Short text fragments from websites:
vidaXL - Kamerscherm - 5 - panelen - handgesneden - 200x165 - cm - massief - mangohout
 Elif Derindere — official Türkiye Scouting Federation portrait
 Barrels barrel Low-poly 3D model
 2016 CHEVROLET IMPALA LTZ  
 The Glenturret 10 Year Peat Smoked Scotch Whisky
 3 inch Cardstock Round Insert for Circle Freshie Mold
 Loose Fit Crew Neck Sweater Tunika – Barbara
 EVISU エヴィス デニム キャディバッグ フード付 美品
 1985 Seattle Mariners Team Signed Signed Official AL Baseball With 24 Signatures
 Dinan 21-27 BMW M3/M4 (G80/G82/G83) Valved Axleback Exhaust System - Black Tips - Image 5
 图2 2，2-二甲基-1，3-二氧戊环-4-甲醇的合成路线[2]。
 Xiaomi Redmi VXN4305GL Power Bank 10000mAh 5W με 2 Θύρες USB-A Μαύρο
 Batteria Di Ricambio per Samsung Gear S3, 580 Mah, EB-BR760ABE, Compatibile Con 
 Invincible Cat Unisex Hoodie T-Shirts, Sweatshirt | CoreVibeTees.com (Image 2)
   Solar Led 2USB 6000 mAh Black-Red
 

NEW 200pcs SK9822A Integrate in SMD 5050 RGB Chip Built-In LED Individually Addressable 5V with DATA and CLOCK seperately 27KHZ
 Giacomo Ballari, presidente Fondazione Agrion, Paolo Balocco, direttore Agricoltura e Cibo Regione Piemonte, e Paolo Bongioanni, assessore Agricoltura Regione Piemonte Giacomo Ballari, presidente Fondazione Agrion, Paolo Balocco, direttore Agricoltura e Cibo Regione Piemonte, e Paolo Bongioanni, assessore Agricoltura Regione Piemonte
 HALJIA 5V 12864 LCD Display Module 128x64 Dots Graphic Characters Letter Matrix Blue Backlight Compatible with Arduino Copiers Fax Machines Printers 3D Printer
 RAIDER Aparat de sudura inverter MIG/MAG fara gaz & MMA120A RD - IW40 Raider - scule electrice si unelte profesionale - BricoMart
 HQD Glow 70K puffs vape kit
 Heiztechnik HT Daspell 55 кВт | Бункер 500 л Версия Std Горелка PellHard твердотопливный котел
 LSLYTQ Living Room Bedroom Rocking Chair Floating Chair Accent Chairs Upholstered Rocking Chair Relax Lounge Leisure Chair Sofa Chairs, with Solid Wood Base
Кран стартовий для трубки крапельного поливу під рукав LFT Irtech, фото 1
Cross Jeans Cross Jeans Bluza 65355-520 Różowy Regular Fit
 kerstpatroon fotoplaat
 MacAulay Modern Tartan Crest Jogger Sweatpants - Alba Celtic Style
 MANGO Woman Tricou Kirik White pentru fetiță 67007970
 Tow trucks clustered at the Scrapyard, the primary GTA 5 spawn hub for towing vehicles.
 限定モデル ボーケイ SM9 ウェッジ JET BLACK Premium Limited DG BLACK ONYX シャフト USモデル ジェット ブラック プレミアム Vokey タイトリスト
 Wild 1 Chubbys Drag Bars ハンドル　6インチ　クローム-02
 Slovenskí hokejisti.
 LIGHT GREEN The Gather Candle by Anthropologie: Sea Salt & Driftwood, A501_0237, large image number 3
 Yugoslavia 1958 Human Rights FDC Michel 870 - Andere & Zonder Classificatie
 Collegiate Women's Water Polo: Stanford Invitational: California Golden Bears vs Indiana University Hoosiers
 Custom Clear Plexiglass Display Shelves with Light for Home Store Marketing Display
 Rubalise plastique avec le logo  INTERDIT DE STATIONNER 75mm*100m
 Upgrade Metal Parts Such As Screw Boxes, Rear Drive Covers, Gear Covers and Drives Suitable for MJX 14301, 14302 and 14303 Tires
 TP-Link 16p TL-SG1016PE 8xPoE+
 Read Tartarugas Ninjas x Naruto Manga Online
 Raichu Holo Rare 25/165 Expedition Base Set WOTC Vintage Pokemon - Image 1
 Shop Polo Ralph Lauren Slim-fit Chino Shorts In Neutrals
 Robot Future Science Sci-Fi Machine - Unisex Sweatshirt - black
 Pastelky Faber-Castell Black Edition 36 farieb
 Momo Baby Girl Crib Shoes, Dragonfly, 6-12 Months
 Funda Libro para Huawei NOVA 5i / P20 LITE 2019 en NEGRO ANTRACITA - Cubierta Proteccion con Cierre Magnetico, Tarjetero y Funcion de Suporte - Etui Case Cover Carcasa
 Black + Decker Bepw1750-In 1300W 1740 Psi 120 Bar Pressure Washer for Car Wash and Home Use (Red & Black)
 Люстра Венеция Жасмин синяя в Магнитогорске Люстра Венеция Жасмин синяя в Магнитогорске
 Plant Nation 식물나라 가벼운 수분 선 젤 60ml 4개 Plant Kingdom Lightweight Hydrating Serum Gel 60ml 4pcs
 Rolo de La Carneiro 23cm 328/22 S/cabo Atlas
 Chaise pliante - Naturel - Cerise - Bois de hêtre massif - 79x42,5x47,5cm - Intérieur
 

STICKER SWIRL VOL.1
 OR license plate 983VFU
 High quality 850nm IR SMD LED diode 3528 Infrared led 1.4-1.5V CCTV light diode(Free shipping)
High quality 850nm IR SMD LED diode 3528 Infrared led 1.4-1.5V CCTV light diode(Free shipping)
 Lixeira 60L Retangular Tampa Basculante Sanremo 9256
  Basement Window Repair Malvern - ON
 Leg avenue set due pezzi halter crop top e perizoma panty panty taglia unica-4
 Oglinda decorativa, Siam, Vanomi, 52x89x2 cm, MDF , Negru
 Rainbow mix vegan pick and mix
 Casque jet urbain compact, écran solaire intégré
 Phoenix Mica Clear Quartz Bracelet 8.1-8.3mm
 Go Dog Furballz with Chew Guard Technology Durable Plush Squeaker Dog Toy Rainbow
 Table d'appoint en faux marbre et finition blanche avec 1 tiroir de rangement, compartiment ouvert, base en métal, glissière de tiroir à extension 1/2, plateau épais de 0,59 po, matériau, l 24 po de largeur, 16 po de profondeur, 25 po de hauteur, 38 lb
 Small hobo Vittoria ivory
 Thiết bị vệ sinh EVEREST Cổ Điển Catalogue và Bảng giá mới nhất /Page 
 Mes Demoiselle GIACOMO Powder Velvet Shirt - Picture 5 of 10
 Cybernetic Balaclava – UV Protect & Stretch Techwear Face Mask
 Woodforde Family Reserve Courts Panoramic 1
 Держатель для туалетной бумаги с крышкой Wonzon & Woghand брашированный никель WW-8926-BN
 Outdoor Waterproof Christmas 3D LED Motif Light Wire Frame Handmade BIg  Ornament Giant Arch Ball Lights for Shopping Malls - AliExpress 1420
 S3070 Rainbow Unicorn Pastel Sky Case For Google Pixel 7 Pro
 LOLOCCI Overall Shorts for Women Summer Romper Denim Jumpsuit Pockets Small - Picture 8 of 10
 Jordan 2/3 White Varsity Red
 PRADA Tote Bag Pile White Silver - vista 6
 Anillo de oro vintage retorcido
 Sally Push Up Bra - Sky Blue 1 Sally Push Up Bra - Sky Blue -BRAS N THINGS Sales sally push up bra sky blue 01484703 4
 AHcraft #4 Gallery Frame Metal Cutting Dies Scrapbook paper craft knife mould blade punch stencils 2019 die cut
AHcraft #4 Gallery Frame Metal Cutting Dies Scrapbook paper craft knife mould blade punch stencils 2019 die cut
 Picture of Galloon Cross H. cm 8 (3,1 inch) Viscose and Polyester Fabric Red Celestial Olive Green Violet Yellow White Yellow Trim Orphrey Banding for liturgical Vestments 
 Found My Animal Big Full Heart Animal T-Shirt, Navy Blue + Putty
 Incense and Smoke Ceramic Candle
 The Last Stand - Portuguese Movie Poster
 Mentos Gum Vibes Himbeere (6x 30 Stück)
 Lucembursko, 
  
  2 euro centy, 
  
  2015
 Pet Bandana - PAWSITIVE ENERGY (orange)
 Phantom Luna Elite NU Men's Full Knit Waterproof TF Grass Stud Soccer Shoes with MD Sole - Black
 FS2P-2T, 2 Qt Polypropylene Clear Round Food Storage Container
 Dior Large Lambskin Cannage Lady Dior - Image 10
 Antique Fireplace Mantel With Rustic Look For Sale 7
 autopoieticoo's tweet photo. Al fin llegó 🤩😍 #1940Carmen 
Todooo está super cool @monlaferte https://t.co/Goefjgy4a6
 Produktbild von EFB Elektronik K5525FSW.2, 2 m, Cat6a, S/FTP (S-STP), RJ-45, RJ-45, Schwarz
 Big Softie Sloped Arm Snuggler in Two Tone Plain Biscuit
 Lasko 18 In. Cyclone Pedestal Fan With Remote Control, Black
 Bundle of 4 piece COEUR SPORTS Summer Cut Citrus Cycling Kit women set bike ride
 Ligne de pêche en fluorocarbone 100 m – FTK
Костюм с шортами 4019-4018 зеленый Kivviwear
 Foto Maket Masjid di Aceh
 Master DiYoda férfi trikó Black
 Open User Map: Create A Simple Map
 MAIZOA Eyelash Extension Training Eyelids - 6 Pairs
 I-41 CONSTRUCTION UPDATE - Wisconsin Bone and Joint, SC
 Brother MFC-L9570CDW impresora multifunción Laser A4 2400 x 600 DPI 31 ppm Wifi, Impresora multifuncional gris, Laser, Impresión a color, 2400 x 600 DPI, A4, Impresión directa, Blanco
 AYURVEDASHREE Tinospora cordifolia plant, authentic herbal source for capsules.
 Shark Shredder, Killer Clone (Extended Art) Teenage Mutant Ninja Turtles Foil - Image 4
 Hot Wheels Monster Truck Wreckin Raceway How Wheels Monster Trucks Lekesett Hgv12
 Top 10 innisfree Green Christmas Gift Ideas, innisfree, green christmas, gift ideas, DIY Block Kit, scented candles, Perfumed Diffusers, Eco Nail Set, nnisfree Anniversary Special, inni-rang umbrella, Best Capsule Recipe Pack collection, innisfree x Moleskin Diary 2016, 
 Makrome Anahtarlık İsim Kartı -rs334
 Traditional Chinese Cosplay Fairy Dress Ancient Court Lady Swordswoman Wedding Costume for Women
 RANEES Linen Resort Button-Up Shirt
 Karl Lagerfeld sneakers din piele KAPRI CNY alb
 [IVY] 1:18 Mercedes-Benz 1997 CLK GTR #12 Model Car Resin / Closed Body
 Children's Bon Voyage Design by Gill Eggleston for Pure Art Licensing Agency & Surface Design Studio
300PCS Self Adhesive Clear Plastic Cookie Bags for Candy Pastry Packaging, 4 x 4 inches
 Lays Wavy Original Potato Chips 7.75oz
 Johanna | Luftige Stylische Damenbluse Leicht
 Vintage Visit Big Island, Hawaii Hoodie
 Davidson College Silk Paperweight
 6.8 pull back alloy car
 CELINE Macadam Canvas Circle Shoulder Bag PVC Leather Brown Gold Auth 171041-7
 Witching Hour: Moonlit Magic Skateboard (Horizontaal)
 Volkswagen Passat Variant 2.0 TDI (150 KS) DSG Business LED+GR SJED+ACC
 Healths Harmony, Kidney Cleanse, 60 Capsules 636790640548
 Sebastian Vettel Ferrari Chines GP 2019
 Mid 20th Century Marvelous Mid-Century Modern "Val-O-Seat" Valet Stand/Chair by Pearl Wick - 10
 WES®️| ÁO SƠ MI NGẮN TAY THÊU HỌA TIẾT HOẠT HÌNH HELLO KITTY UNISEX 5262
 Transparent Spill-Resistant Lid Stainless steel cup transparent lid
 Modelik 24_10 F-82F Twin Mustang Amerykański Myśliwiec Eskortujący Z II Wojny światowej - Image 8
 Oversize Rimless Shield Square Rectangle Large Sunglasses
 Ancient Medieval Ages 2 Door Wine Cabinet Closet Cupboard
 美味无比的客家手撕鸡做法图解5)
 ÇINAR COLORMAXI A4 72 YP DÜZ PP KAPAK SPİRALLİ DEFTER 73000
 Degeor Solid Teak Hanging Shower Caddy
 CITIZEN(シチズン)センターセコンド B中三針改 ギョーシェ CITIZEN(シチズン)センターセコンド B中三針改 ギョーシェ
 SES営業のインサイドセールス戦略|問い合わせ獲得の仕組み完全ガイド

YOUR ASSIGNMENT ->
Taking the entries above, write out exactly the lines starting with the line containing "Cross Jeans Cross" and going on through the line containing "Tow trucks clustered", both included, and nothing else.

RESPONSE AREA ->
Cross Jeans Cross Jeans Bluza 65355-520 Różowy Regular Fit
 kerstpatroon fotoplaat
 MacAulay Modern Tartan Crest Jogger Sweatpants - Alba Celtic Style
 MANGO Woman Tricou Kirik White pentru fetiță 67007970
 Tow trucks clustered at the Scrapyard, the primary GTA 5 spawn hub for towing vehicles.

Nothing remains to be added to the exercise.